On May 27, 2016, Minseo signed an exclusive contract with Apop, a music label under Mystic Story. On June 3, Minseo released the single "The Sound of You Coming" for The Handmaiden with labelmate Gain. On October 14, singer Yoon Jong-shin announced through his Instagram account that Minseo would participate in Mystic Entertainment's music project "Monthly Yoon Jong-shin". At midnight on October 18, Minseo released "2016 Monthly Yoon Jong Shin October Issue" with Yoon. She was also selected for the music video of the title track "First" with Joo Woo-jae and tried acting for the first time. On November 23, Yoon announced that Minseo would participate in "Monthly Yoon Jong-shin" again, marking the first time a singer had participated in the project for two months in a row. Regarding this, Minseo expressed her feelings through her Instagram account, "I was able to work on 'Monthly Yoon Jong-shin' once more. I was so honored and happy to be able to work consecutively." On the same day, Minseo released a motion poster for "Monthly Yoon Jong-shin November 2016". On November 25, Minseo released a photo of her working with photographer Kim Joong-man before the release of her new single. Regarding Min-seo, Kim Joong-man said, "In Min-seo, who has tangled hair, a thoughtful expression and gaze, and tightly closed lips, the image of a heroine of tragedy, and in Min-seo, who looks straight ahead with her hair tied up and her shoulder line exposed, the image of an unadorned and innocent woman.

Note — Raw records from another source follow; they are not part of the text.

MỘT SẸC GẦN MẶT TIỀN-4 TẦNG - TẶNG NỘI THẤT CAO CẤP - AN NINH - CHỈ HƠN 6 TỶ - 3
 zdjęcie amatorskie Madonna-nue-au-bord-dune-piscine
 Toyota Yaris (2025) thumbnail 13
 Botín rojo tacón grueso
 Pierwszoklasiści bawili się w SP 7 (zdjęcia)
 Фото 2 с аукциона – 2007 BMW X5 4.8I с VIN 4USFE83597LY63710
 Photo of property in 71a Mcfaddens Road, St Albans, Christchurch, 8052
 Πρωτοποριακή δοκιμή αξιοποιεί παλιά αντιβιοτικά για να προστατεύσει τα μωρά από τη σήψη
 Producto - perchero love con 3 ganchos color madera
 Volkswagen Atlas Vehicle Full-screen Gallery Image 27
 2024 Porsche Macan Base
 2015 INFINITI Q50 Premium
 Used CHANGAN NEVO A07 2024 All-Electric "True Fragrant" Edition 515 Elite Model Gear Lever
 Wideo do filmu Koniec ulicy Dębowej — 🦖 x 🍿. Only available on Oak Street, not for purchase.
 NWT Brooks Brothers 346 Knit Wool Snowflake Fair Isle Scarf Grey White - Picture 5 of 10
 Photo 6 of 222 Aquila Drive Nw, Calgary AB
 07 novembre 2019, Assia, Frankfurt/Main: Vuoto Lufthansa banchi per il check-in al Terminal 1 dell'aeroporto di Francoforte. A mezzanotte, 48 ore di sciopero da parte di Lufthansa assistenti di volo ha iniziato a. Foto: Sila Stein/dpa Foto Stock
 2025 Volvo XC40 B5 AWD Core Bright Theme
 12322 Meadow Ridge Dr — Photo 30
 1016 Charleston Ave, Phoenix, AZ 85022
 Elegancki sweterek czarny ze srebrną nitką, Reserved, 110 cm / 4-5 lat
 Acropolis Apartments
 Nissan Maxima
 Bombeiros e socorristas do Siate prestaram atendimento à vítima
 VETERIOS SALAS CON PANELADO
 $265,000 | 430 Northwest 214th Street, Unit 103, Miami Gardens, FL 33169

You can see it.” At midnight on November 27, Minseo and Yoon released "2016 Monthly Yoon Jong-shin November Issue". Minseo was also selected as the main character in the music video for the title song "You Who Loved You". On the same day, Minseo sang "The Missing Girl" at Yoon's concert "Lyricist Yoon Jong-shin Concert Special Lecture 2nd Class" at Samsung Hall, Ewha Womans University. 

On November 6, 2017, Minseo announced that she would release her debut album. Her debut album was produced by producer Jo Young-cheol. On November 15, Minseo announced that she would be participating in Yoon's "Monthly Yoon Jong-shin November 2017". The title song "Yes" is known as the answer to "LISTEN 010 Do you like it" released by Yoon on June 22. "Yes" ranked first on real-time charts such as Melon and Genie for about two weeks after its release. Minseo was also nominated for first place in Music Bank, Music Core, and Inkigayo before her official debut. On December 1, Minseo appeared on a live music broadcast for the first time through Music Bank. Minseo received two music show wins on Inkigayo on December 3 and Music Bank on December 8.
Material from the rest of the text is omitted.